A longer duration of the conflict alters not only the military strategy but the macroeconomic calculus. In the war’s early days, Ukraine’s macroeconomic policies aimed to control expectations and avoid panics. These policies were based on controlling prices — for example, the hryvnia-dollar exchange rate was fixed at the prewar level — and providing stop-gap measures to support businesses and households, such as suspending import duties. These responses were appropriate to address the initial shock. But as the war grinds on, they need to be adjusted or Ukraine will run into an economic catastrophe.
The National Bank of Ukraine, the country’s central bank, has a seemingly impossible job. First, the fixed exchange rate provides an important nominal anchor. Second, the NBU is in charge of the financial system’s health to ensure that the economy has access to liquidity and that the payment system functions smoothly. The central bank has some power over capital flows, but Ukrainian refugees in the EU and other countries must be allowed to use precious hard currency to support themselves. Third, the NBU has to cover the government’s vast fiscal needs to pay for the war effort.

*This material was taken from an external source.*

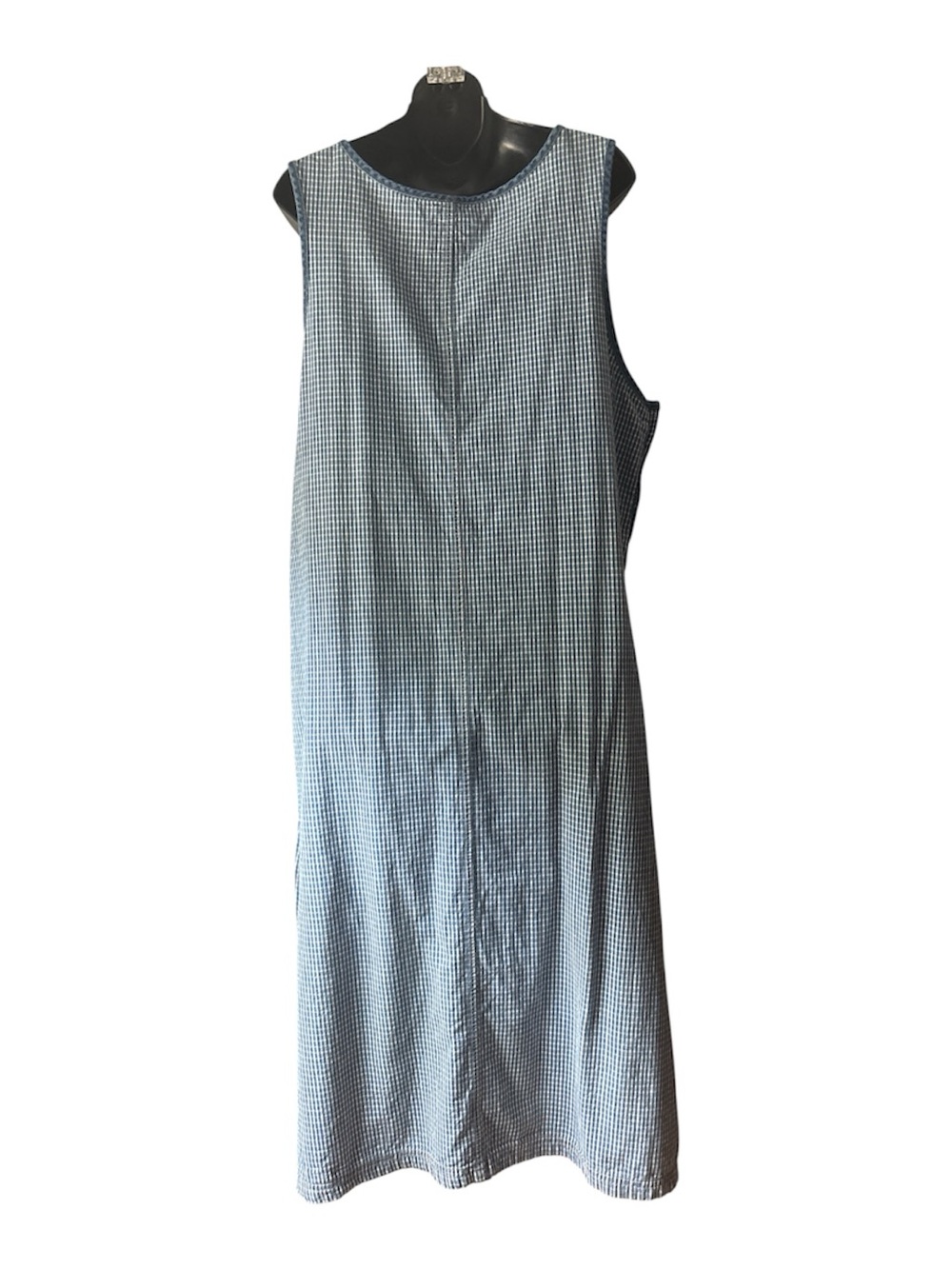 Vintage Susan Bristol Blue Gingham Sleeveless Maxi Jumper Dress with Pocket - Picture 6 of 7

In the short run, this policy mix can work. For instance, the central bank can burn foreign exchange reserves. But it is not compatible with the longer horizons of the war. If policies are not modified, the NBU faces the prospect of high inflation, dangerous depletion of foreign exchange reserves and the risk of a currency crisis, or a banking panic.
The government’s limited resources leave few pleasant options. Recently, the central bank had to devalue the hryvnia by 25 per cent. But this will probably provide only temporary relief as another devaluation may be necessary. Alternatively, the hryvnia could be allowed to float more freely, helping to address accumulating imbalances in the economy. But this risks coming at the cost of losing a nominal anchor. Prewar inflation targeting is less useful, given the uncertain monetary transmission mechanism of wartime.
The fiscal authorities could also try to raise more revenue and control spending. These options are difficult. It is hard to raise taxes when the economy is weak. But one possibility is to tax the shadow economy via non-direct taxes such as excise duty or increased import duties.
The finance ministry must finally accept reality and start borrowing on the local debt market at much higher rates, rather than relying constantly on monetary financing from the NBU to cover budget shortfalls. So far, attempts to borrow at deeply negative real interest rates have been rather unsuccessful. In any case, Ukraine’s task is clear: the fiscal stance has to be significantly improved to sustain the war effort over an extended period.
But Ukraine’s allies face macroeconomic tasks of their own. My country is defending security in Europe. Indeed, the global order is being decided in Ukraine. If Putin’s Russia wins, the law of the jungle will be the new regime in international relations.
But for Ukraine to keep fighting and win, it needs not only much more weaponry but also larger-scale economic support. Since the beginning of the war, Ukraine has received external support to the tune of $2.5bn-$3bn a month. The expected external funding for the second half of 2022 is $18bn — a significant sum, but well below the nation’s needs. To avert economic calamity in Ukraine and sustain its ability to fight, the allies must disburse much larger amounts of about $4bn-$5bn a month in the nearest future.
Every day of the war means more lives lost, children traumatised and homes destroyed. The economic cost of the war is no less staggering and it touches everybody — from ruined infrastructure in Ukraine to the spectre of hunger in Africa and elsewhere. Ukraine must win this war and win it quickly. But a long war increasingly looks like the baseline scenario. This requires recalibrating macroeconomic policies in Ukraine and allied countries to make sure that Ukraine’s economy can sustain the war effort as long as necessary.